Abstract

Few studies have been conducted on the long-term prognosis of patients with amyloid light chain (AL) and amyloid A (AA) renal amyloidosis in the same cohort. We retrospectively examined 68 patients with biopsy-proven renal amyloidosis (38 AL and 30 AA). Clinicopathological findings at the diagnosis and follow-up data were evaluated in each patient. We analyzed the relationship between clinicopathological parameters and survival data. Significant differences were observed in several clinicopathological features, such as proteinuria levels, between the AL and AA groups. Among all patients, 84.2% of the AL group and 93.3% of the AA group received treatments for the underlying diseases of amyloidosis. During the follow-up period (median 18months in AL and 61months in AA), 36.8% of the AL group and 36.7% of the AA group developed end-stage renal failure requiring dialysis, while 71.1% of the AL group and 56.7% of the AA group died.
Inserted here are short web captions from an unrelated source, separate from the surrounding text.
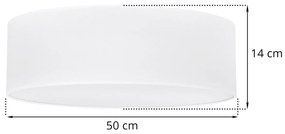 Stropné svietidlo Gaja, 1x biele textilné tienidlo, (biele plexisklo), (fi 50cm)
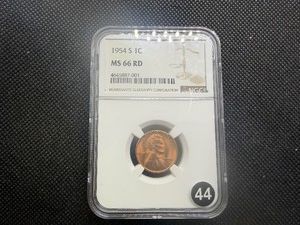 1954-S Lincoln Cent NGC MS66 RD  - NGC Price Guide Value for an MS66 RD is $30
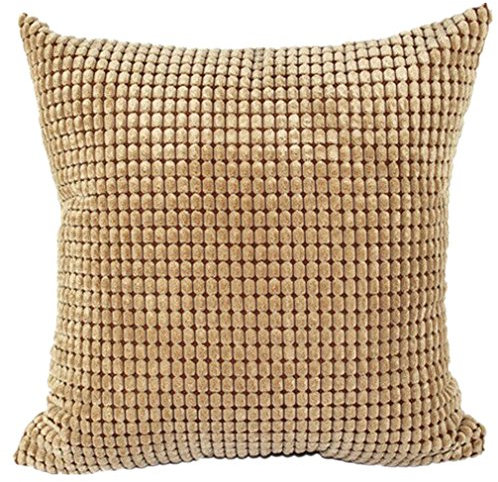 Nunubee Corduroy Baumwolle Kord Modern Rechteckig Kissenbezüge Dekorative Kissenbezug Dekokissen Sofakissen Lendenkissen Wurfkissenbezug Kissenhülle, 65 x 65 cm Khaki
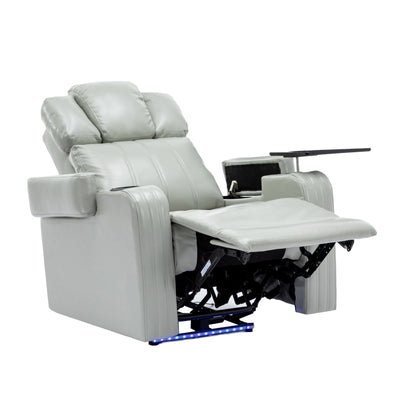 Roomfitters PU Leather Power Recliner Home Theater Seat with Cooling Cup Holder USB Ports Tray Table and Arm Storage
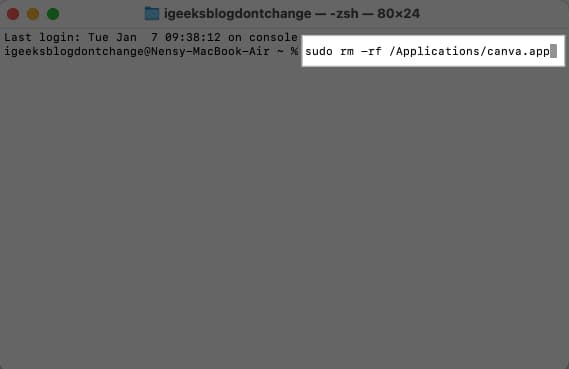 Deleting an app using the Terminal app on a Mac.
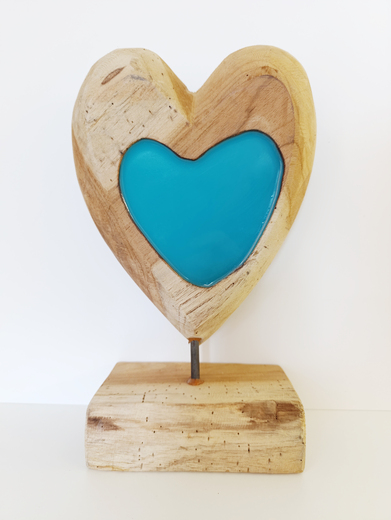 Dřevěné srdce Tyrkysové srdce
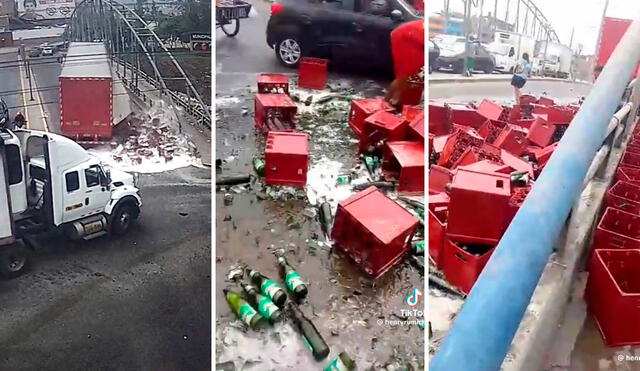 El chofer del camión decidió recoger las botellas que quedaron tiradas en medio de la pista. Foto: composición LR/TikTok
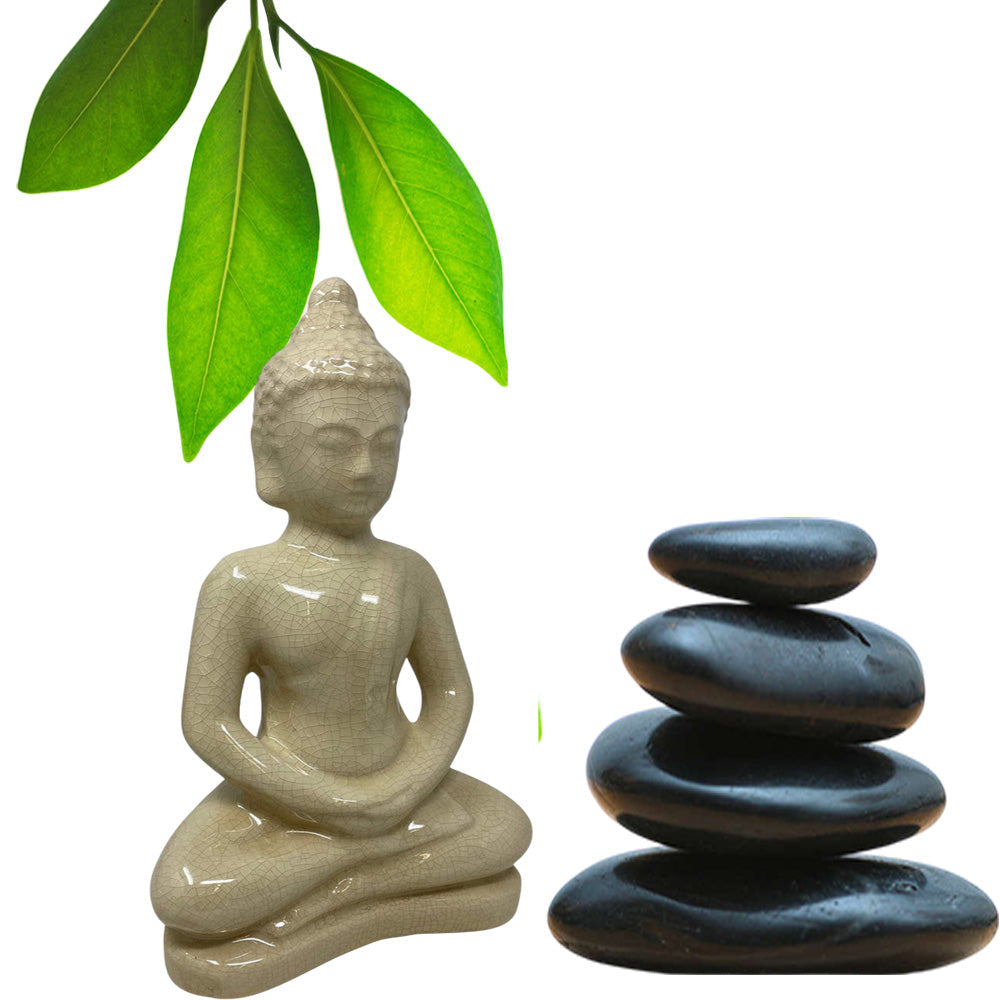 Statua buddha soprammobile casa statuetta siddharta 21X11 cm - ambraled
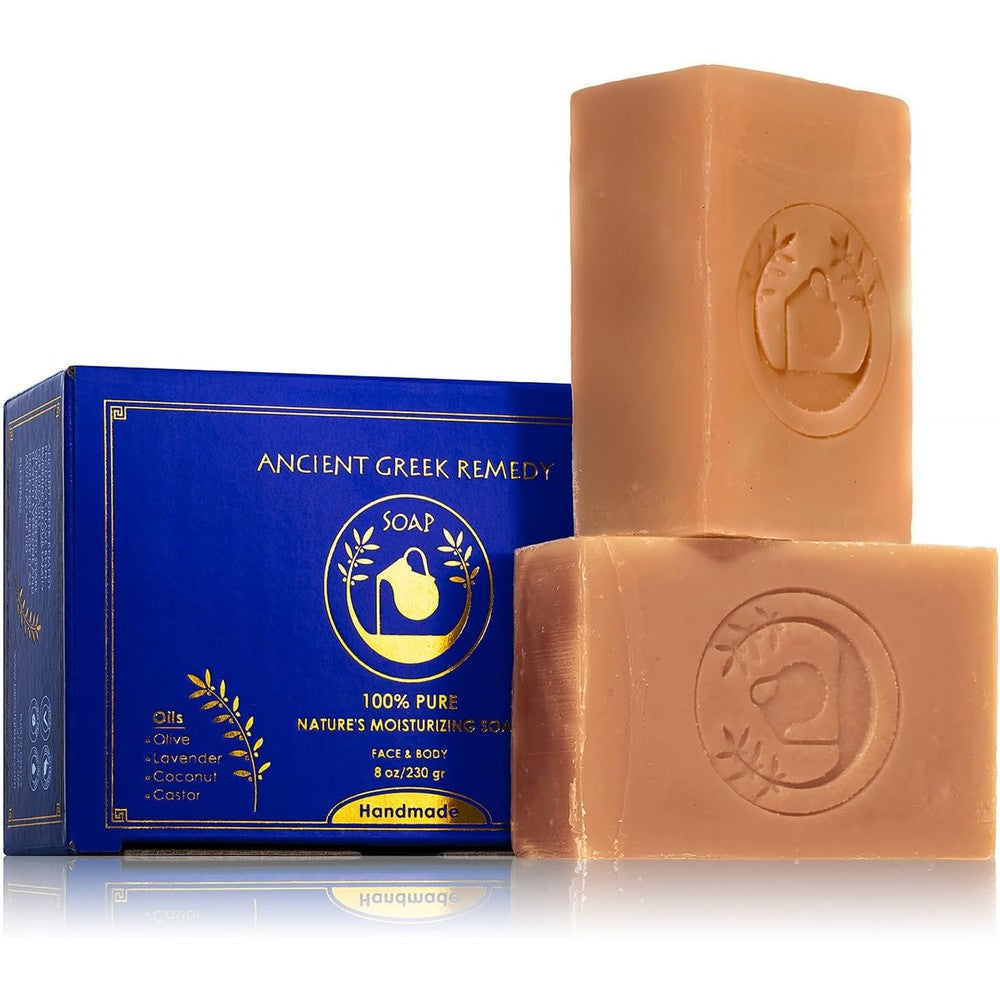 Ancient Greek Remedy Organic Face and Body Soap Bars front view packaging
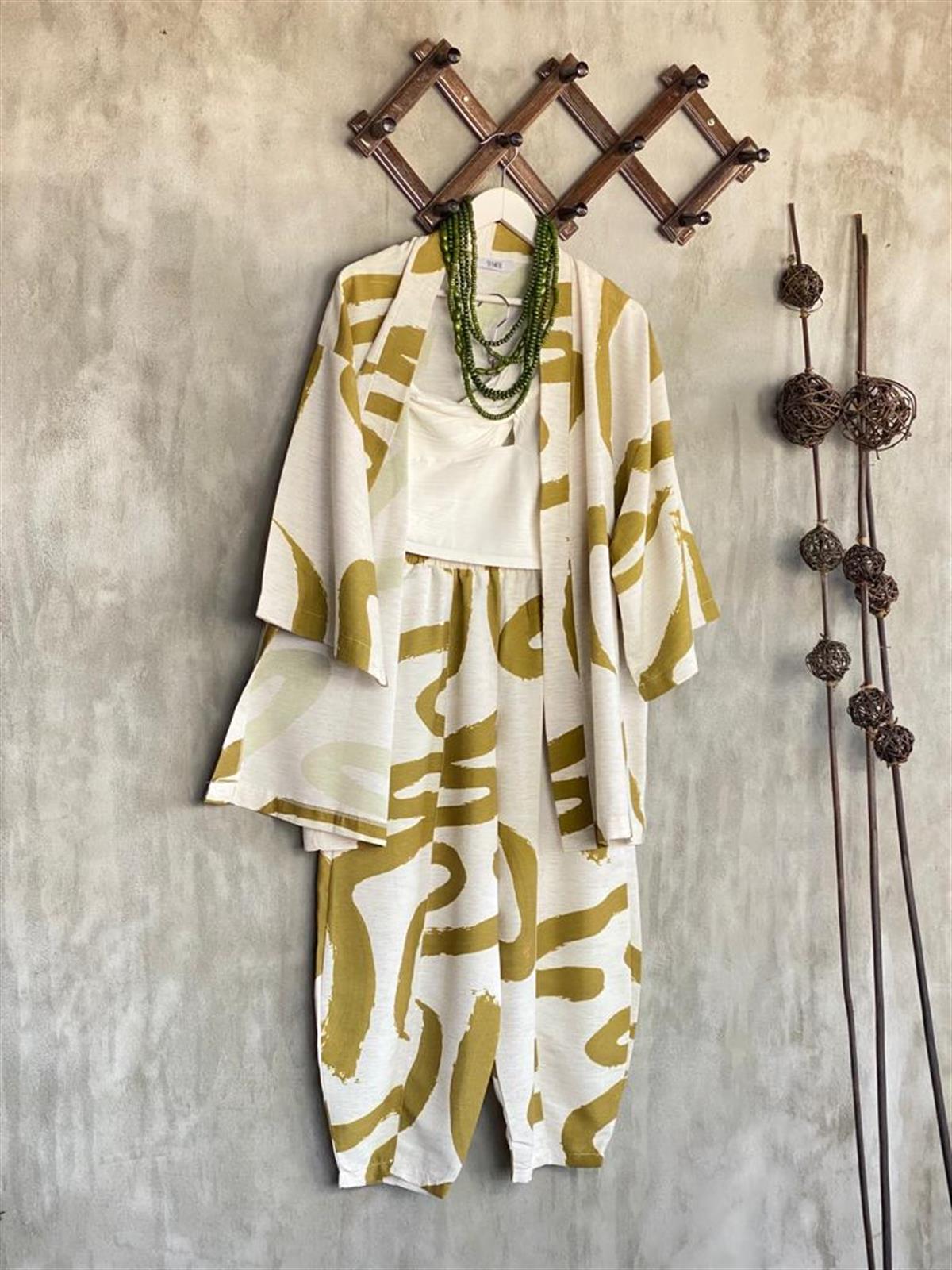 Desenli Taş Rengi Şalvar Pantolon Kimono Takım (Yağ Yeşili)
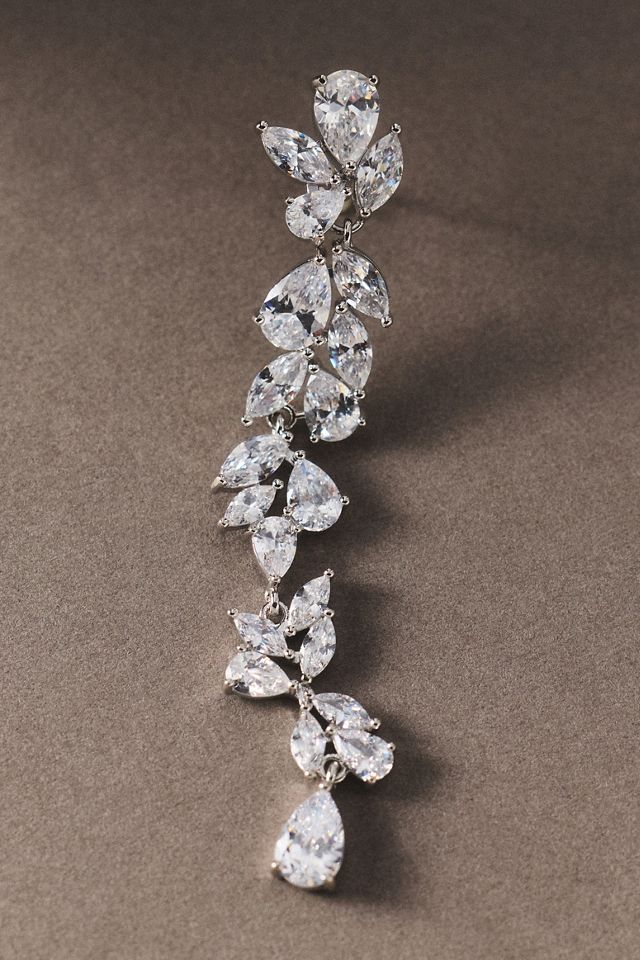 Shashi Crystal Fallen Leaf Linear Earrings #1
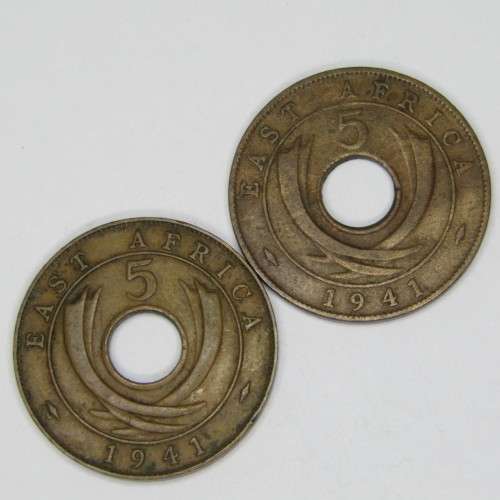 1941 set of 2 East Africa 5 Cent coins - `I` mintmark and no mintmark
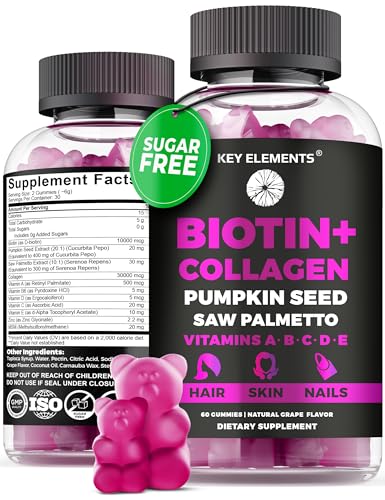 Hair Skin and Nails 10000mcg Biotin Gummies & Collagen Gummies - Biotin Vitamins for Hair Growth...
Patient and renal survivals were significantly longer in the AA group than in the AL group. eGFR of >60mL/min/1.73m2 at biopsy and an early histological stage of glomerular amyloid deposition were identified as low-risk factors. A multivariate analysis showed that cardiac amyloidosis and steroid therapy significantly influenced patient and renal survivals. Our results showed that heart involvement was the major predictor of poor outcomes in renal amyloidosis, and that the prognosis of AA renal amyloidosis was markedly better than that in previously reported cohorts. Therapeutic advances in inflammatory diseases are expected to improve the prognosis of AA amyloidosis.